Work order |
Return the data below exactly, minus the pictures.

Dataset excerpt |

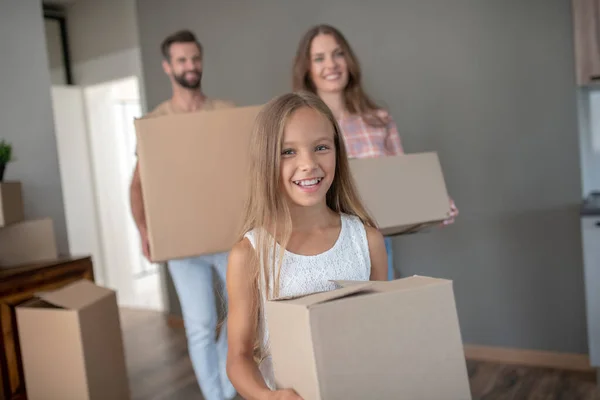 Family moving into new house and carrying cardoards — Stock Photo, Image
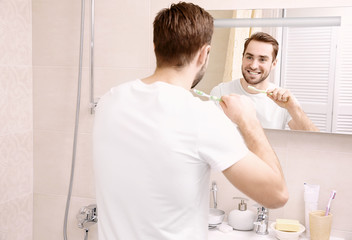 Obraz premium Handsome man brushing teeth in bathroom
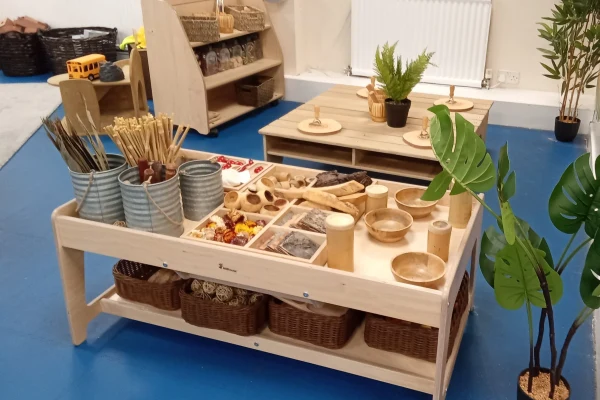 Low wooden sensory table displays organized natural play materials—bamboo sticks, wooden bowls, wicker baskets and tin containers—on a blue classroom floor with low shelves and potted plants nearby.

Written answer |
 Family moving into new house and carrying cardoards — Stock Photo, Image
 Obraz premium Handsome man brushing teeth in bathroom
 Low wooden sensory table displays organized natural play materials—bamboo sticks, wooden bowls, wicker baskets and tin containers—on a blue classroom floor with low shelves and potted plants nearby.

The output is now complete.